Mixed linear regression models were used to determine the association between cognitive decline over time while correcting for the APOE ε4 allele, age, education, and gender. Appropriate interaction terms were added to these regression models to assess the modifying effects of APOE genotype on the association between CETP and 3MS (the cognitive test used to measure cognitive decline). Cox Proportional Hazard models were also used to test association between genotype and LOAD-free survival. All analyses were performed using SAS version 9.3.

Results

Analyses revealed an association between CETP I405V and slower 3MS decline. This decline occurred at a rate of 0.6 points less per year than average for each additional valine (p < 0.011). We failed to detect association between CETP I405V and LOAD status (p < 0.28).

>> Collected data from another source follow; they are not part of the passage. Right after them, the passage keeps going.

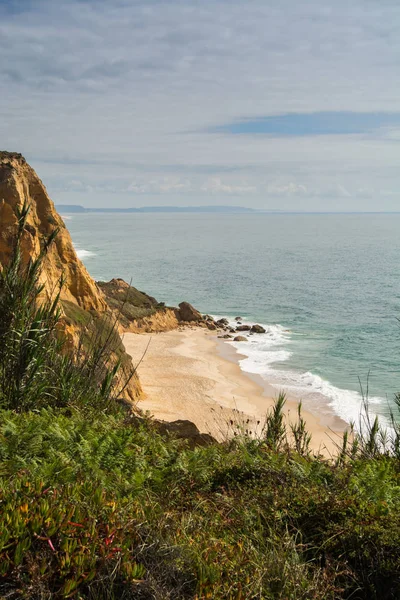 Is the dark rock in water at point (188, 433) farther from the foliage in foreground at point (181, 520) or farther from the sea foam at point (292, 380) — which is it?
the sea foam at point (292, 380)

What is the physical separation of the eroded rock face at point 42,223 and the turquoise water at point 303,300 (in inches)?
458

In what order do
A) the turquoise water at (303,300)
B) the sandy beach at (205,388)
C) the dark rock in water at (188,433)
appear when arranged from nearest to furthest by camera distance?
the dark rock in water at (188,433), the sandy beach at (205,388), the turquoise water at (303,300)

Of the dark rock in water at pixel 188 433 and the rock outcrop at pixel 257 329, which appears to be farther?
the rock outcrop at pixel 257 329

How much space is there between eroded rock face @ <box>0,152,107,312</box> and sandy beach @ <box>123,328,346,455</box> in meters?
3.77

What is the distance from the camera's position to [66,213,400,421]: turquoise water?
30.4 metres

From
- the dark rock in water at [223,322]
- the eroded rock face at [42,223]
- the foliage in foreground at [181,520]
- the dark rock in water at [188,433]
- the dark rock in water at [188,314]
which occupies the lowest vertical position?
the dark rock in water at [223,322]

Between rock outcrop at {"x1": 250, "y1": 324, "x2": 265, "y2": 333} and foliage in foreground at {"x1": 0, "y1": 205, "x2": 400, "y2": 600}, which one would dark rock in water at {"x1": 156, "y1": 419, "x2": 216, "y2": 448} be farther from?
rock outcrop at {"x1": 250, "y1": 324, "x2": 265, "y2": 333}

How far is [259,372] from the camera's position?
31.7 meters

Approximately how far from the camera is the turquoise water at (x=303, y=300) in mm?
30391

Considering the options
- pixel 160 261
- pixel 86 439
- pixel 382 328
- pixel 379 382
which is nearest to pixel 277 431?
pixel 86 439

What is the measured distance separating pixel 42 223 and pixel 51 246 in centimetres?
142

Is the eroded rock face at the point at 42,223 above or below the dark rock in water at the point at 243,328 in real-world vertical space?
above

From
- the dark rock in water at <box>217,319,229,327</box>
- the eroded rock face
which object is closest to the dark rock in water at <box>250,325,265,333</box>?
the dark rock in water at <box>217,319,229,327</box>

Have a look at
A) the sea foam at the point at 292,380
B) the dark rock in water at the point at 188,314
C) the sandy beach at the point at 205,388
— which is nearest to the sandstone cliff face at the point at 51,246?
the sandy beach at the point at 205,388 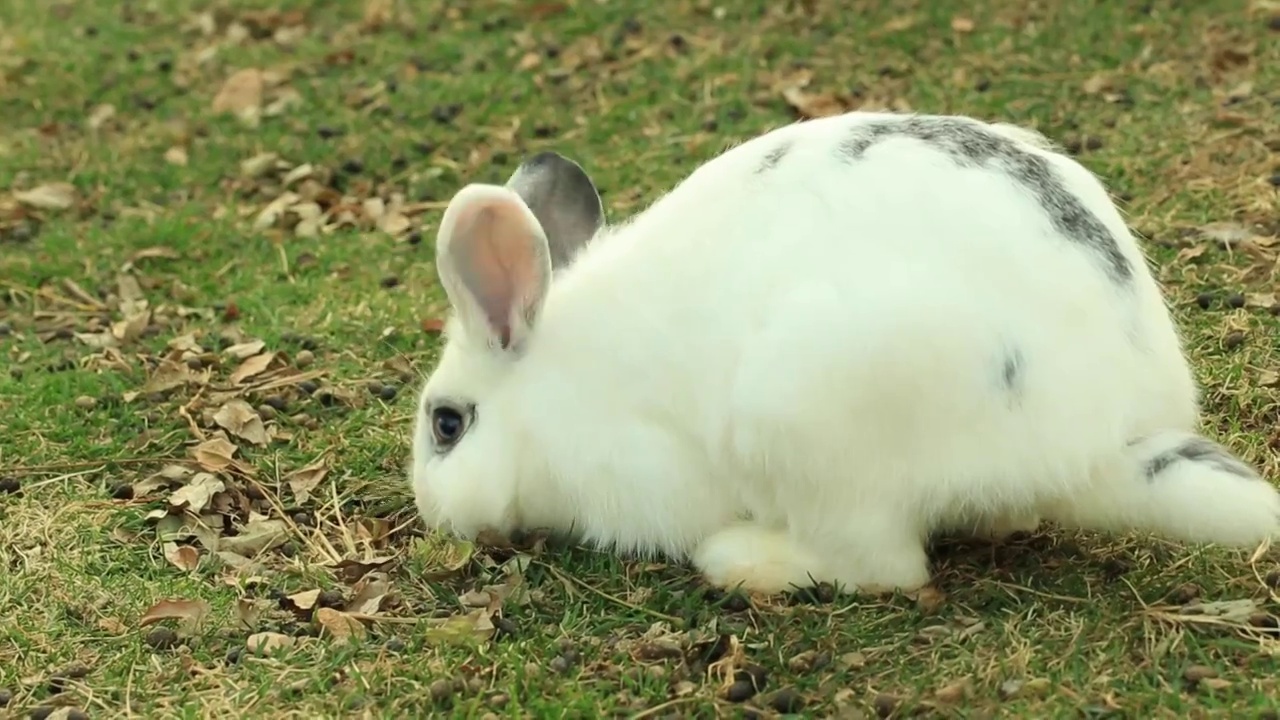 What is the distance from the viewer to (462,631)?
3234 millimetres

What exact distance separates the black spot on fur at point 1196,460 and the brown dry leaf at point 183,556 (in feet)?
7.45

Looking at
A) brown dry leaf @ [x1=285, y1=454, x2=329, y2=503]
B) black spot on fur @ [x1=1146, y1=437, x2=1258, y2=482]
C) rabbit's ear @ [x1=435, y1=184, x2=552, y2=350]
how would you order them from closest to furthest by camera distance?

Our analysis further suggests a mitigating effect of APOE genotype on the association between CETP and progression (p = 0.097 for an interaction between APOE, CETP, and time). Specifically, individuals with additional APOE ε4 alleles experienced less rapid cognitive decline relative to each additional CETP I405V valine replacement. For example, among those with no APOE ε4 alleles, each additional CETP valine slowed 3MS decline by 0.4 points per year, on average. However, among those with a single APOE ε4, each additional valine slowed the annual average decline by 1.1 points.

Discussion

Previous studies on this topic have produced widely varied findings. Some suggest that CETP I405V is involved in increased cognitive function and slower rate of decline while others find the opposite. This variation also exists in the debate around CETP I405V’s involvement in Alzheimer’s disease. Our results combined with the findings of Reynolds et al.4 suggest that CETP I405V is not a LOAD risk factor. It is difficult to determine with presently available data whether this is indicative of a different relationship between the disease and the protein itself, or if there are other untested variants. These results reinforce the unique role of APOE in the development of Alzheimer’s.

Conclusion

In conclusion, we found a decrease in the rate of cognitive decline by 0.6 points less per year for each additional valine. These findings reaffirm the role of CETP I405V in cognitive decline. We did not observe any association between CETP I405V and LOAD status. The connection between CETP I405V and cognitive decline but not AD could shed light on differences between normal cognitive decline and dementia. Additionally, the possible interaction between APOE and CETP could prove fruitful in understanding the contradictory effects of CETP on AD and cognitive decline.

References

  1. Ebbert, M. T. W., Ridge, P. G., Wilson, A. R., Sharp, A., Bailey, M., Norton, M. C., … Kauwe, J. S. K. (2013). Population-­‐based analysis of Alzheimer’s disease risk alleles implicates genetic interactions. Biological Psychiatry, Submitted.
  2. Hartmann, T. (2001). Cholesterol, Aβ and Alzheimer’s disease. Trends in Neurosciences, 24(11), S45–S48. doi:10.1016/S0166-­‐2236(00)01990-­‐1
  3. Plump, A. S., & Breslow, J. L. (1995). Apolipoprotein E and the apolipoprotein E-­‐deficient mouse. Annual Review of Nutrition, 15(1), 495–518.
  4. Reynolds, C. A., Gatz, M., Pedersen, N. L., & Prince, J. A. (2011). An assessment of CETP sequence variation in relation to cognitive decline and dementia risk. International journal of molecular epidemiology and genetics, 2(2), 122–129.